Profilometry-based indentation plastometry at high temperature

The HT PIP tage located within a plastometer giving both the schematic sectional depiction and a 3D visualisation

The authors of the paper 'Profilometry-based Indentation Plastometry at High Temperature', published in Advanced Engineering Materials, provide a first report on the subject, covering both thermal characterisation and issues for obtaining stress-strain curves.  

The heating system had a relatively low thermal inertia, reaching 800oC within approximately 10 minutes, while both indentation (~20 seconds) and cooling (~20 minutes) were also quick.  This capability was useful in terms of limited exposure of the sample to prolonged periods at high temperature, which avoided the formation of thick oxide layers (which can affect indent profiles and hence inferred stress-strain curves).  
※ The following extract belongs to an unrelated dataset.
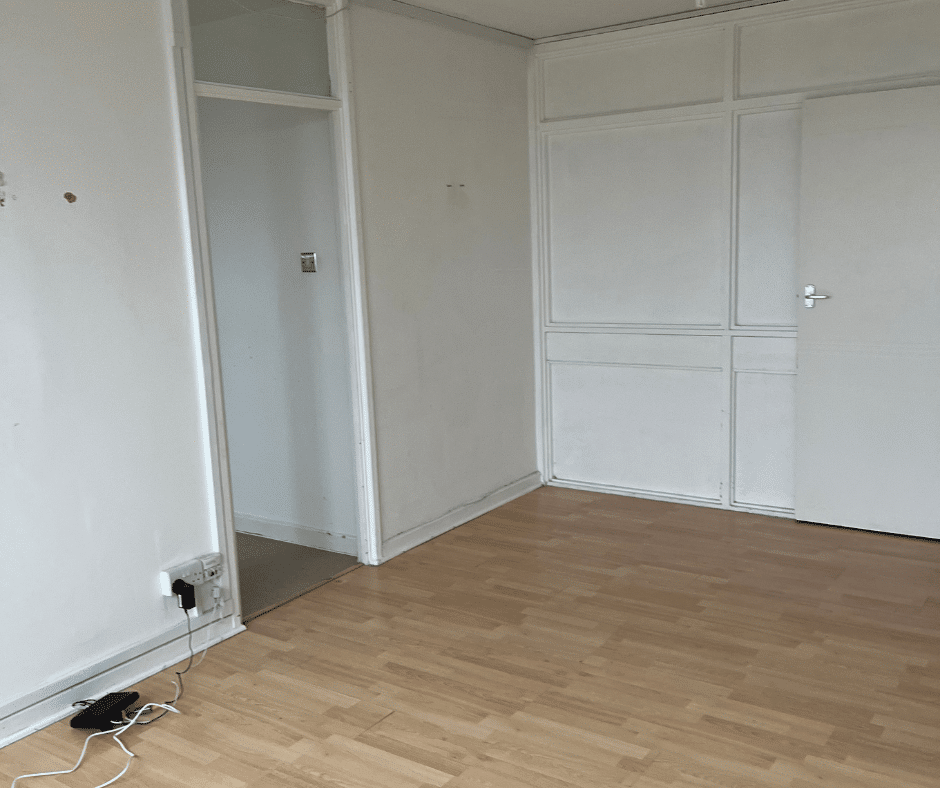 Flat Milburn Lane in Greater London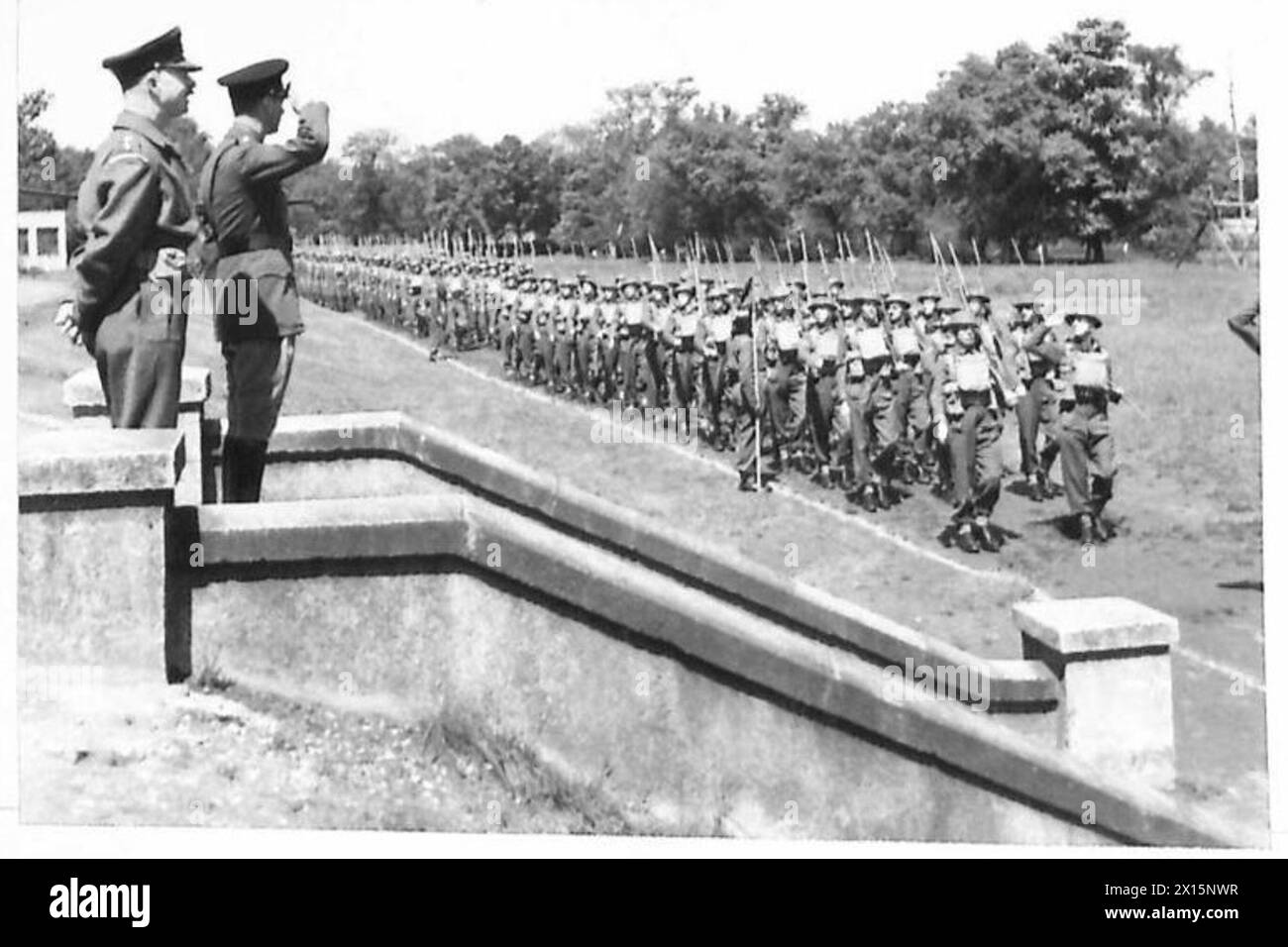 Il re esamina le Grenadier Guards mentre il battaglione marcia oltre durante l'ispezione Foto Stock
There was a good general consistency between stress-strain curves obtained though High Temperature-Profilometry-based Indentation (HT-PIP) and those from tensile testing.  The possibility of creep (time dependent deformation) affecting the outcomes (of both types of test), particularly are high temperatures, should be borne in mind.  Creep has a characteristic effect on tensile curves, which can often be confirmed and investigated by changing the imposed strain rate.  It can also be revealed by carrying out the HT-PIP testing with different penetration velocities or by monitoring the shape of the load-displacement plot.